A google search shows September 27th 1995 to be an entirely uneventful day, except for some unseasonal snow in northern England and Simply Red finally sitting at the top of the singles chart.  That leaves the way clear for it to be remembered as the first day of a truly remarkable venture.  Something was afoot in Guildhall, the medieval headquarters of London’s city government. In committee room 5 of Guildhall, fourteen members of the Court of Common Council, under the chairmanship of the late John Bird, approved the first eleven grants totalling £168,350 from the newly-established Bridge House Estates funding-arm, now known as the City Bridge Trust. Bridge House Estates had existed for 900 years, maintaining and managing five of London’s bridges. Now it was time to expand, to start connecting the capital in an additional way. The mission back then was to provide transport and access to it for elderly and disabled people in Greater London, and for other charitable purposes for the general benefit of the inhabitants of Greater London.

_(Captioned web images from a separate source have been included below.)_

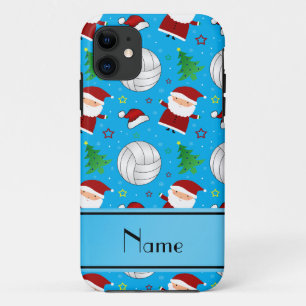 Capa Para iPhone Da Case-Mate Nome personalizado padrão de natal de vôlei azul-c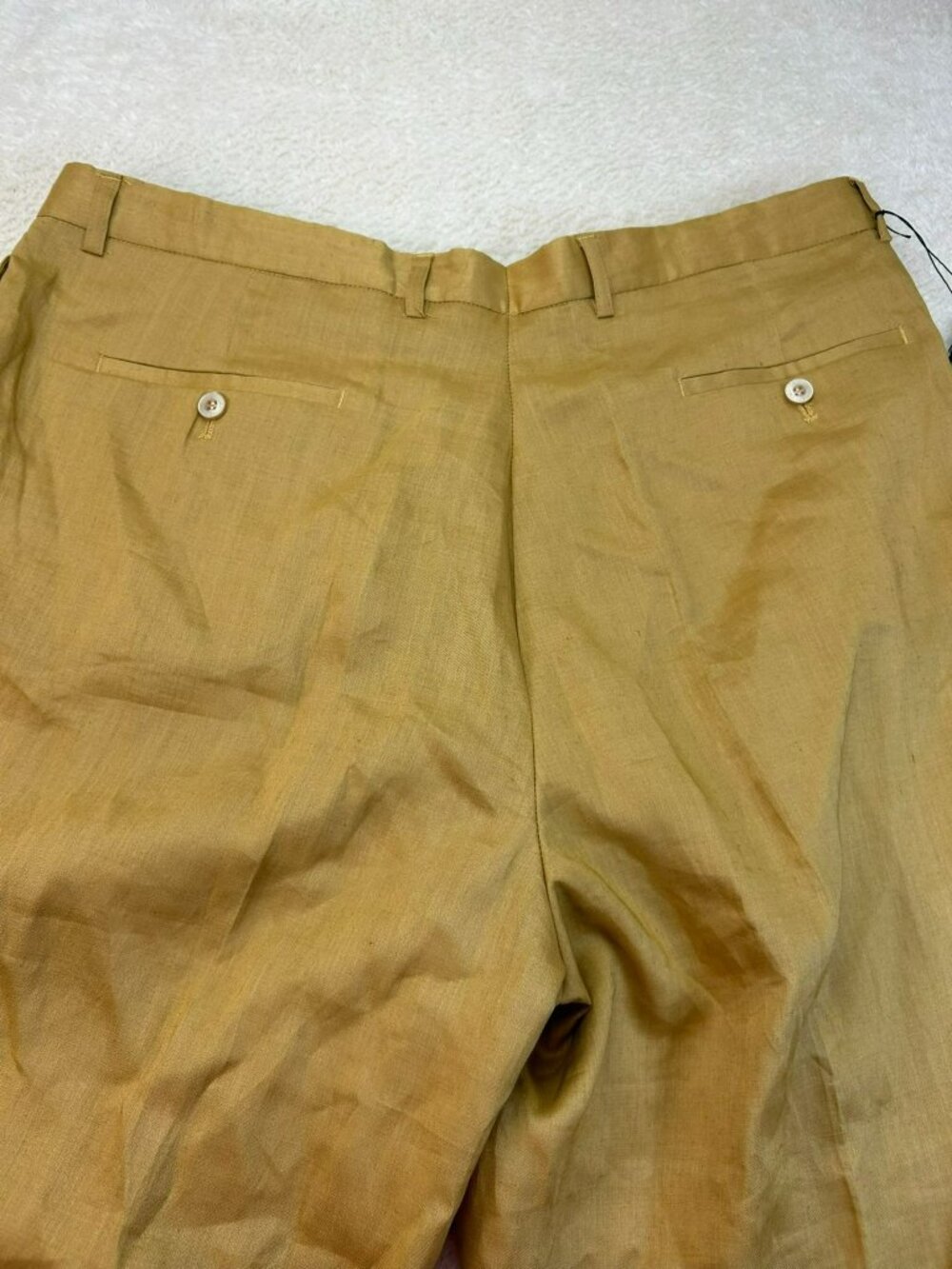 D & E Collection Mens Pants Natural Size 40 Linen Straight NWT See Pictures - Picture 8 of 8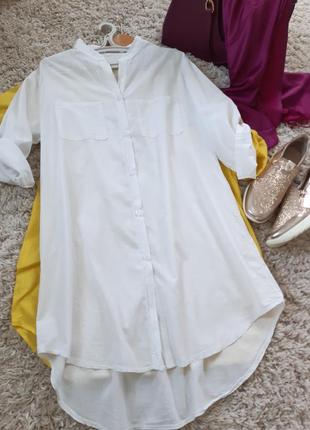 Актуальное хлопковое платье рубашка белое,италия,  р. 10-145 фото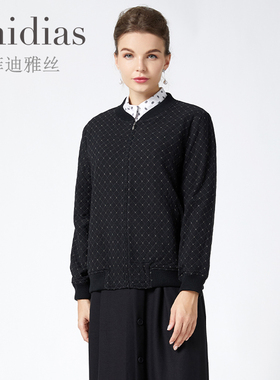 Phidias名媛小香风短款外套女秋季新款格子休闲拉链开衫上衣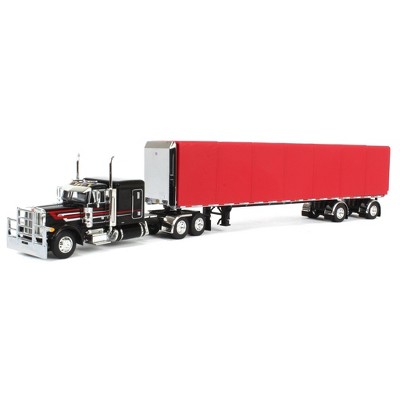 First Gear DCP 1/64 Black & Red Peterbilt 379 63in Flattop Sleeper with 53ft Utility Roll Tarp Trailer 60-1612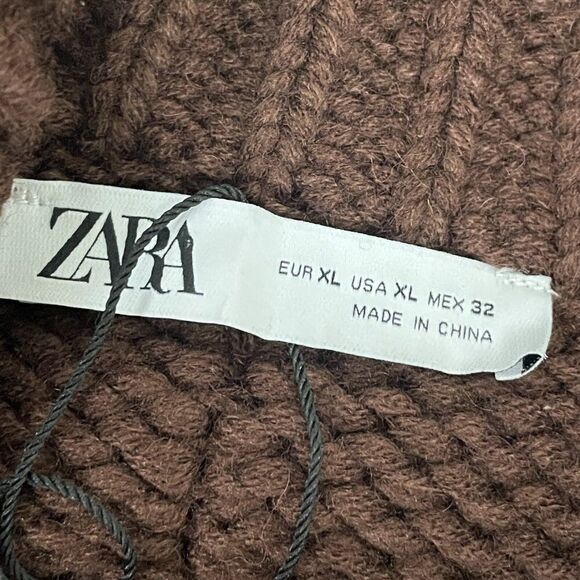 Zara Cardigan Sweater Womens XL Brown Chunky Toggle closure Wool 1957/101 NWOT - Picture 4 of 8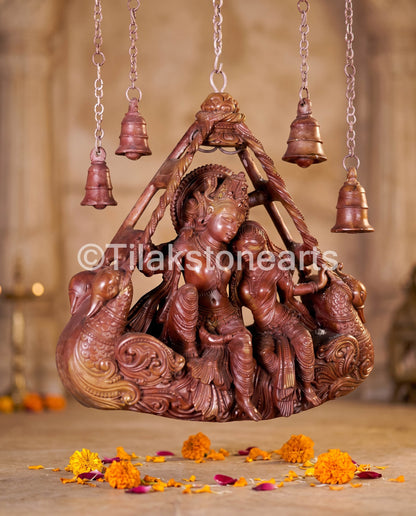 Antarang Jhula Radha Krishna 30" Pure Natural Oakwood Stone Idol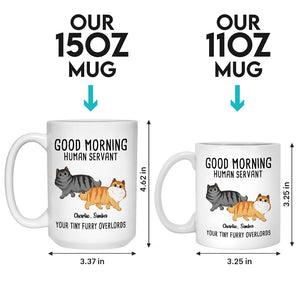 Bonjour, serviteur humain - Tasse personnalisée pour chat - Cadeau pour les propriétaires et les amoureux des animaux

At that time, we all had visions of what the Trust might become, but 25 years later and with grants total approaching a staggering £0.5billion, none of us could have foreseen the reach and impact that the Trust would have.

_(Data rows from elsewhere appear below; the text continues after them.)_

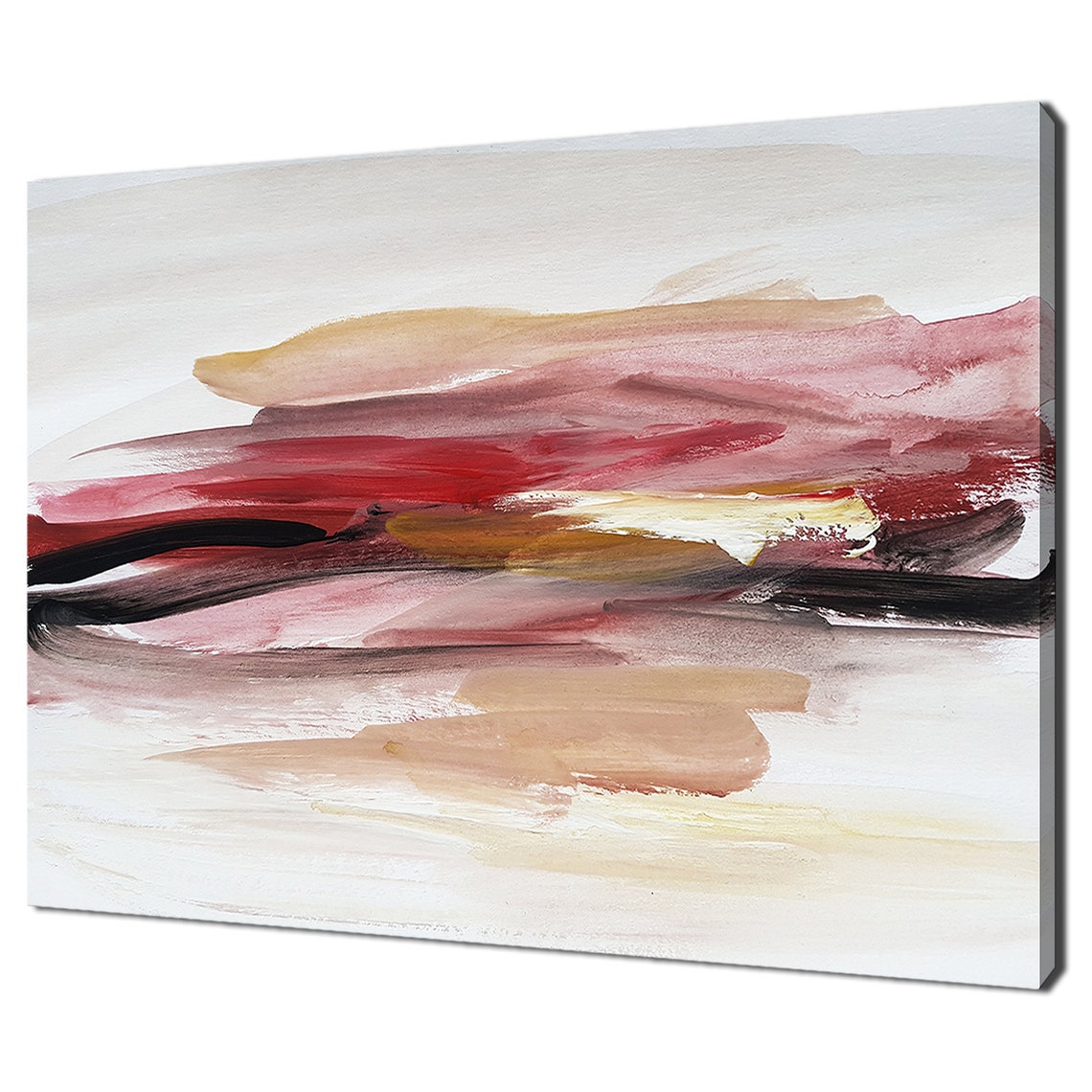 Pastel Watercolor Brushstroke Lines Rose Gold Blush Abstract Wall Art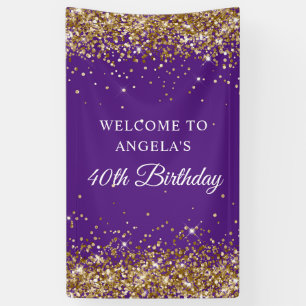 Banderoles Parties scintillant d'or Royal violet 40e annivers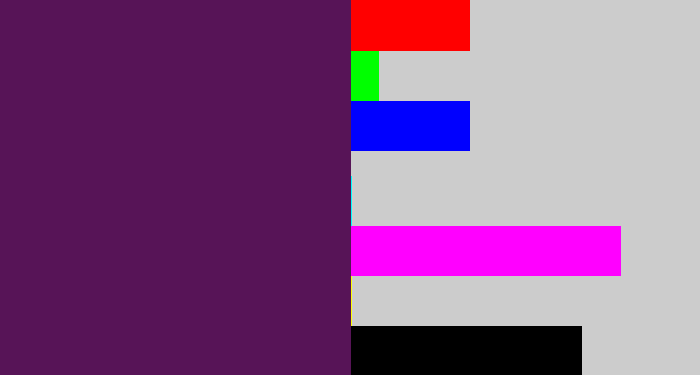 Hex color #571457 - grape purple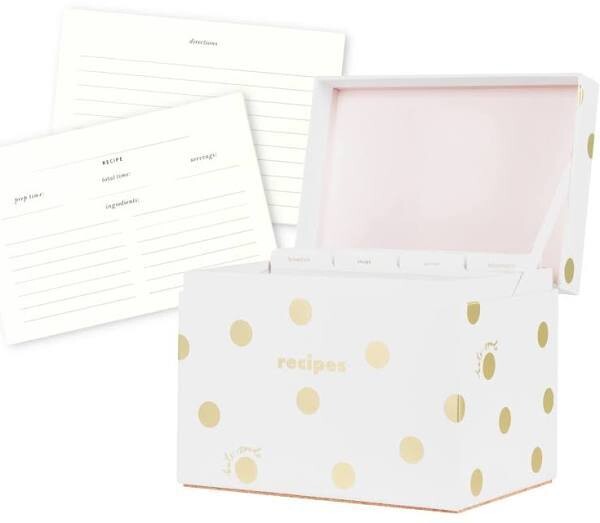 Kate Spade Gold Dot  Recipe Box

A few of the early staff, including myself, still work for the Trust. In those early days, I recall much debate about exactly who and what the Trust should be funding.  With such a potentially wide brief for the Trust, setting the ground rules early was vital to our success.  Thorny questions such as ‘who qualifies as an inhabitant of London’ and, ‘should the Trust’s scheme fund the large national institutions that happen to be located in London’…Or what about charities around the country that benefit Londoners – Inverness Mountain Rescue probably comes to the aid of the occasional Islington resident? Many hours were spent resolving these knotty problems, coming to a consensus through discussion and recognising that we had to make some hard decisions.  Then, as now, saying “No” can be difficult.  But we knew that we were laying the ground rules for the future, so we had to do what was right.

And it was important back then to establish our place in the world of charitable trusts and foundations, a place traditionally quite mysterious, with philanthropic monies often bestowed from behind closed doors.  From the outset, we did things differently: engaging openly with potential applicants; always visiting an organisation before recommending a grant; giving funding presentations and roadshows; consulting on programme development; the Committee agreeing to hold its meetings in public – and yes, people came to watch.  We were open, visible and accessible.  Common practice now, but it wasn’t back then.

In that first committee meeting, 25 years ago, the Committee approved just 11 grants, totalling £168,350; the first grant awarded was one of £18,000 to Sign, the mental health and deafness charity for a minibus. The committee declined 40 others, with a potential value of £1,478,260. We’ve got better since then at being clear about our mission and vision, putting learning and impact right at the heart of what we do, attracting a good spread of applications. We’ve made the process of applying for a grant easier. We know our funded organisations and fellow foundations better, which means we have greater understanding, collaboration and peer reflection. We will continue learning and getting better at what we do, making more impact as we strive to make this great capital city fairer and more equal, with less people living in the margins, out of reach.

Since that day, 25 years ago, we have spent £445m on 8542 grants. We know that the fantastic organisations we fund and collaborate with have contributed to making huge positive impact on the lives of many Londoners.